Die Aktienkurse fielen zunächst deutlich. Im Verlauf des Tages stabilisierte sich der Deutsche Aktienindex und legte sogar zu. Der Euro geriet aber nachhaltig unter Druck.

Händler begründeten die Entwicklung des Dax mit positiven Nachrichten aus den USA. Eine nüchterne Betrachtung des Rettungsschirms für die schwächelnden Länder der Eurozone allerdings verhinderte größere Gewinne. So rückte der Leitindex am Ende um 0,33 Prozent auf 6037,71 Punkte vor. Der MDax legte um minimale 0,05 Prozent auf 8173,60 Punkte zu und der TecDax verlor 1,30 Prozent auf 769,98 Punkte.
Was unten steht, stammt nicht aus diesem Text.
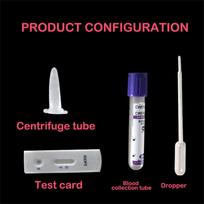 Dog Pregnancy Test Strip Dog Pregnancy Test Card Pregnancy Test One Size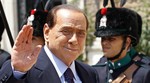 Berlusconi ima razloga za zabrinutost: Sve afere talijanskog premijera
In den Vereinigten Staaten habe sich die Stimmung unter den kleinen Unternehmen deutlich aufgehellt, sagte Marktanalyst Heino Ruland von Ruland Research. Anleger messen dieser Meldung eine hohe Bedeutung zu, da gering kapitalisierte Firmen einen Gutteil der Arbeitsplätze in den USA stellen. Dennoch ist die Skepsis am Markt noch nicht verflogen. Die Investoren überlegten jetzt, welche Konsequenzen das von Europäischer Union, Internationalem Währungsfonds und Europäischer Zentralbank geschnürte Rettungspaket haben werde, sagte Ruland.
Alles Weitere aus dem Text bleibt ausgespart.